平常授業で平常授業 3
「すみません皆さん。筵兄を借りていきますね」
昼食の時間、席をつけて弁当を食べていたZクラスの前に突然現れた祭は、椅子に座っている筵に後ろから抱きつくとそのまま何処かへと姿を消した。
「「・・・・・・」」
「筵先輩が誘拐されたんですけど!!」
淵は慌てて席から立ち上がり皆に訴えかける。
淵が周りを見渡すと梨理、譜緒流手、カトリーナは普通に弁当を食べつつけていて、れん子と湖畔は少し驚いている様子だった。
すると梨理が立ち上がっている淵を見上げた。
「心配ねーよ。あれは多分筵が言ってたアジトたちを連れてきたって言う本田家の三女だろ」
梨理は確信を持った顔で言った。
「借りていくって言ってたから、返してくれるんじゃないの〜?」
カトリーナも梨理に続いて答える。
「いやいや、誘拐犯とか怪盗とかも、きっと冗談でそういう言い回しすると思うよ」
淵は苦笑いをしていると、譜緒流手も口に含んでいたご飯を飲み込みしゃべり出した。
「まあ筵兄って呼んでたし大丈夫でしょ?」
「それはそうですが・・・」
淵はまだ少し心配そうな表情で自分の席に座る。
「淵さん優しいんだよね。いつも筵先輩に色々言ってるけど1番心配しているね」
落ち着きを取り戻した様子の湖畔が優しい笑顔で言った。どうやら湖畔はいきなり祭が現れた事に驚いていただけのようだった。

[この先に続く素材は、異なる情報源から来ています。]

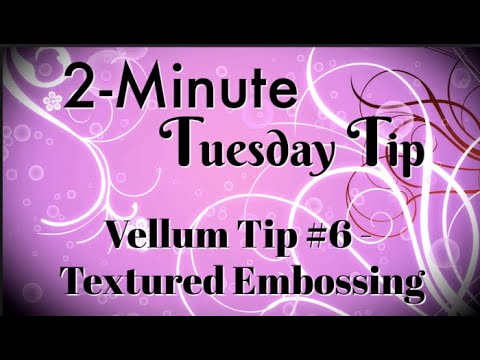 Simply Simple 2-MINUTE TUESDAY TIP - Vellum Tip #6 - Textured Embossing by Connie Stewart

続いて湖畔と同じ理由で驚いていたれん子も疑問を口にする。
「でも本当にどこに連れてかれたんだかろうね。確か三女さんは時間を越えることが出来る能力者だから、いつの時代の何処に連れて行かれたのかまで考えないといけないね」
れん子の言葉でZクラス全員がそれぞれ黙って考え出す。それか数秒程たち、全員はある結論に至った。